**WORK INSTRUCTIONS**
From the line with "Chipper Jones Rookie" to the final line of the data below, please write out every line exactly, with no pictures.

**EXERCISE DATA**
________
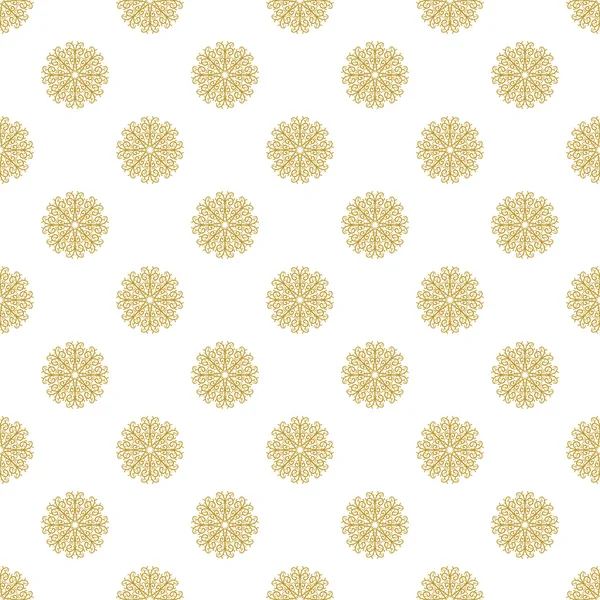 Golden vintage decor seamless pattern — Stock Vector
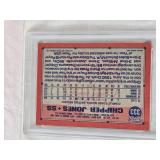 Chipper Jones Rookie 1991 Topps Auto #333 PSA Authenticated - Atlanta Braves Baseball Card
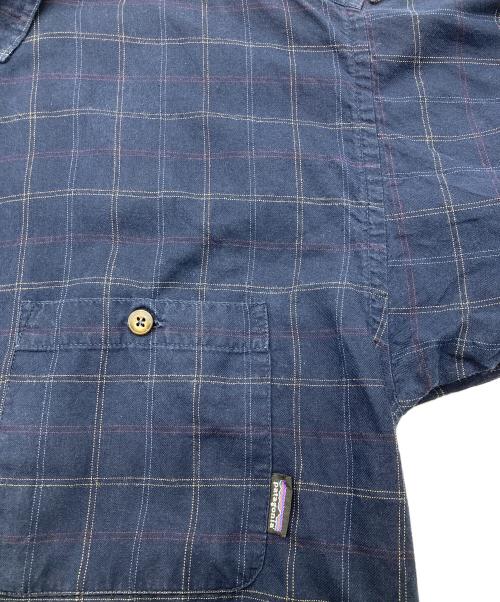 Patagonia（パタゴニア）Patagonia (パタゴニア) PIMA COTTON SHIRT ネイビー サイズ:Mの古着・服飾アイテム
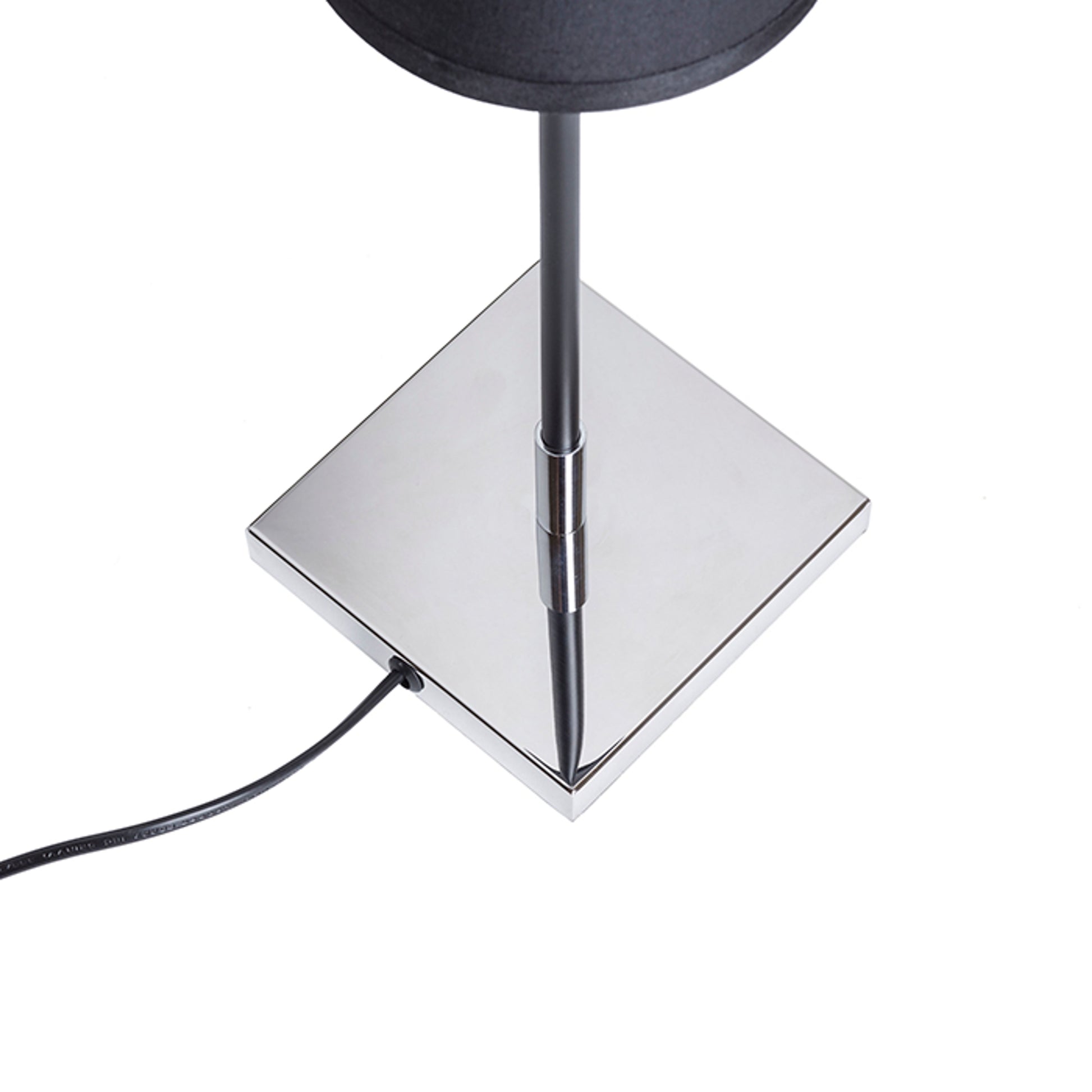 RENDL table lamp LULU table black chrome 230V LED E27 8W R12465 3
________
**RESPONSE TO THIS TASK**
 Chipper Jones Rookie 1991 Topps Auto #333 PSA Authenticated - Atlanta Braves Baseball Card
 Patagonia（パタゴニア）Patagonia (パタゴニア) PIMA COTTON SHIRT ネイビー サイズ:Mの古着・服飾アイテム
 RENDL table lamp LULU table black chrome 230V LED E27 8W R12465 3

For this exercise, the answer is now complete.